Review:                  Carlo Cipolla, Guns, Sails and Empires.  Technological Innovation and the Early Phases of European Expansion 1400-1700.  Pantheon Books, 1965.

Guns, Sails and Empires is that rarity among works of history: a short book with a simple, powerful thesis that the entire book is devoted to proving.  Carlo Cipolla begins with the question, "Why, after the end of the fifteenth century were the Europeans able not only to force their way through to the distant Spice Islands but also to gain control of all the major sea-routes and to establish overseas empires?" (19)  He quickly dismisses motive as a causal factor: motive to circumvent the "Moslem blockade" had existed in earlier centuries as well, but motive without means is empty.  Cipolla identifies two developments that provided the means for Europeans to finally succeed beyond their wildest dreams: ships seaworthy enough to reach distant seas; and powerful cannon that could be carried by these ships.

Cipolla neither claims too much for his thesis nor oversimplifies the cause and effect involved.  His central task was to show that European ships and guns were crucial to the initial phase of overseas expansion, and he did this very well.  Europeans had both superior cannon as well as superior techniques of employing them at sea, and as soon as they arrived in Eastern waters they quickly drove all rival fleets from the sea.  But Cipolla makes clear that this advantage only applied to the sea.  Europeans were still unable to make any significant land conquests beyond small coastal enclaves that could be dominated by naval artillery.  Indeed, the Turks continued to drive back European armies at the same time that Europeans were expanding overseas, a paradox that Cipolla uses to good effect in showing the limited scope of European military superiority in this period.
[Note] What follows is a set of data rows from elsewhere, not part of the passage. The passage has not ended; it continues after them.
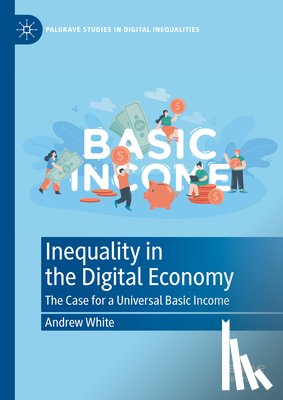 White, Andrew - Inequality in the Digital Economy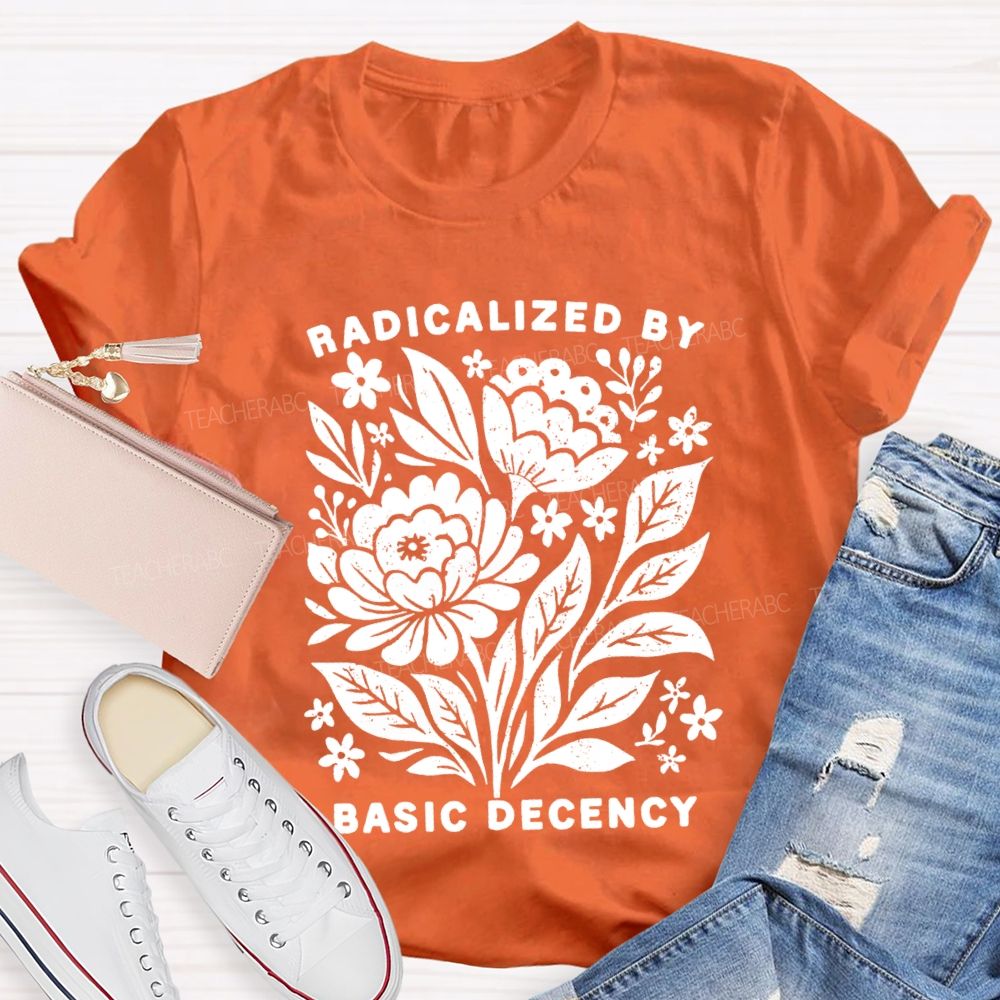 Radicalized By Basic Decency Vintage Flower T-shirt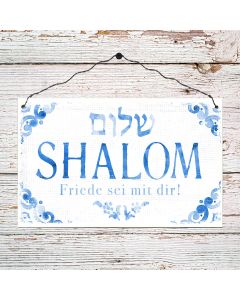 Holzschild groß 'Shalom - Friede sei mit dir'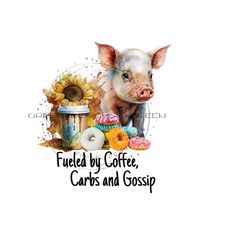 pig png download, coffee & donuts clipart, 'fueled by coffee, carbs and gossip' coffee cup png, pig clipart, farm sublimation, donut png.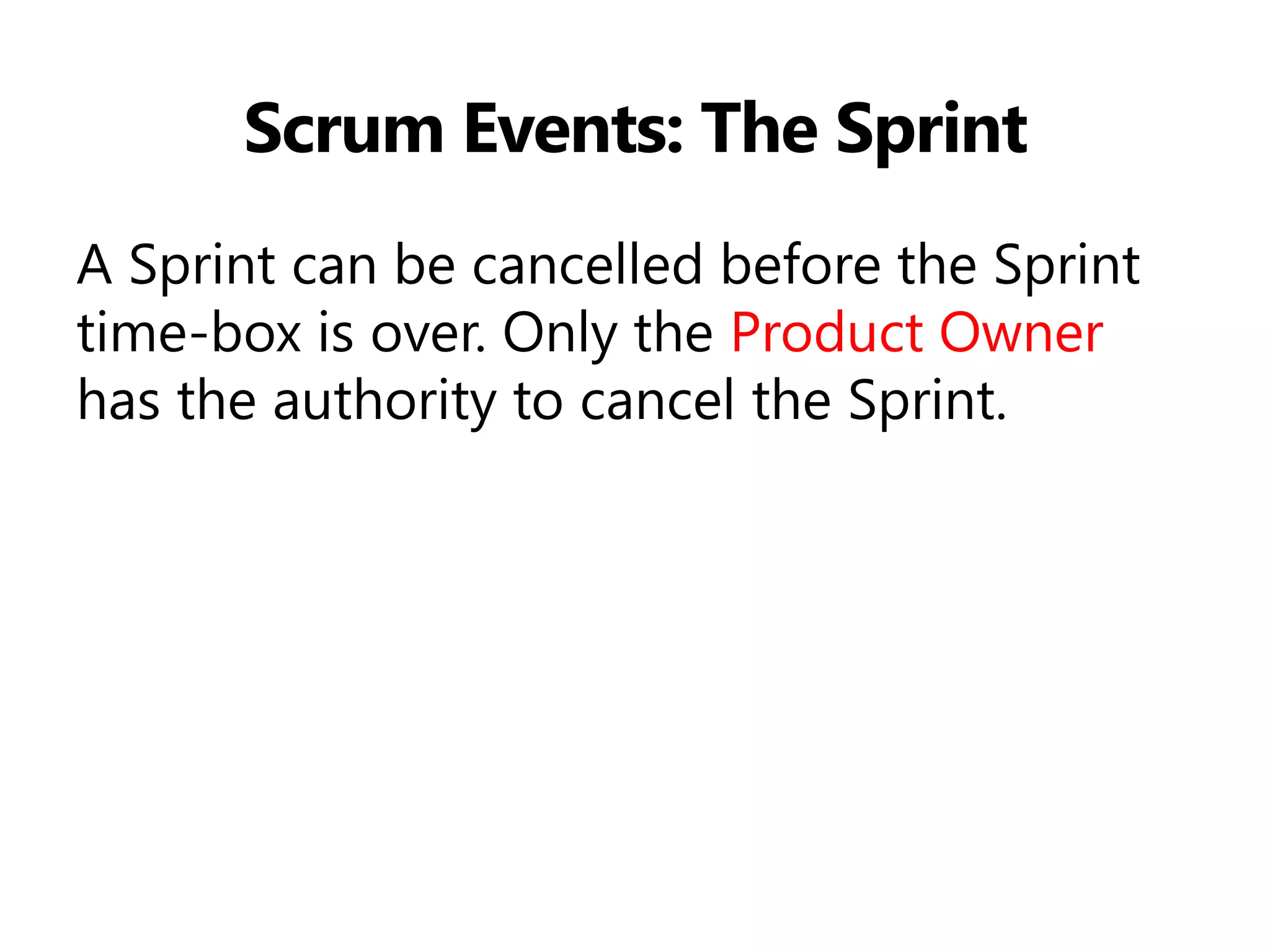 Scrum Events: The Sprint 
A Sprint can be cancelled before the Sprint time-box is over. Only the Product Owner has the authority to cancel the Sprint.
To his credit, Cipolla generally refrains from delving into the driving forces behind the technological advantage the Europeans attained and kept for several centuries.  This keeps the book of manageable length and keeps the reader focused on his thesis.  He does offer some plausible speculation on the reason that non-European powers were unsuccessful in adopting European technology.  He points out that technological innovation is the end-product of an entire cultural outlook; simply acquiring the technical "recipe" from European gunfounders was not enough for China, for instance, to effectively make and use cannon in the European manner over the long term.  Cipolla argues that "in order to fight against the West they have to absorb Western ways of thinking and doing," (147) something most non-European peoples were unwilling or unable to do.  Guns, Sails and Empires  thus laid the groundwork and pointed the way for subsequent investigation into the rise of the European overseas empires.